Fluff Pieces Every Week Day

Category: Current events

Sonic the Hedgehog artist injured by hate crime; life can be prickly for struggling artists

by Patch O'Furr

Milton Knight has a hand in works of animation and cartoon art seen by millions. For the 1993 Adventures of Sonic the Hedgehog TV series, he did storyboards and animation and is credited with design for the villain Robotnik. In nearly 40 years as a pro, he’s made countless fans happy. But on February 25, he was hospitalized with “cuts, a broken nose, and more” at the hands of a racist stranger. Knight described enduring 15 minutes of provocative hate speech before it exploded with “endless punches to the head”. The attacker injured his fist and was jailed for battery.

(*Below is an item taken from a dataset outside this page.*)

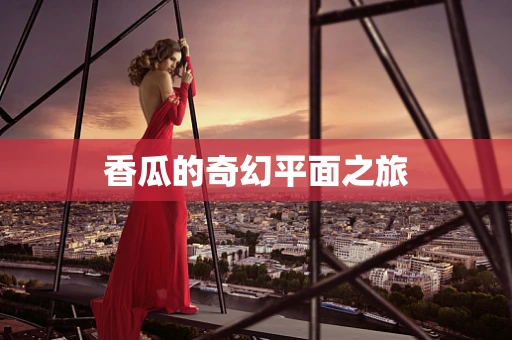 香瓜的奇幻平面之旅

Knight’s creative drive is inspired by retro style from the Golden Age of animation, and traditional ink and paint. As a pro since 1980, he got into animation on Ralph Bakshi‘s Cool World and The Twisted Tales of Felix the Cat. In comics, he worked on Teenage Mutant Ninja Turtles and Mighty Mouse. Like his inspiration from untamed 1930’s cartoons, he also did mature work like Heavy Metal and his own indie comic Midnite the Rebel Skunk. A fact that readers here may like is that he experimented with “extremely adult furry” work in the independent spirit of 1980’s fandom. In the network where pros, fans, and art curators meet, he has done archiving for the International Animated Film Association (whose president Jerry Beck was very close to “fandom founder” Fred Patten.)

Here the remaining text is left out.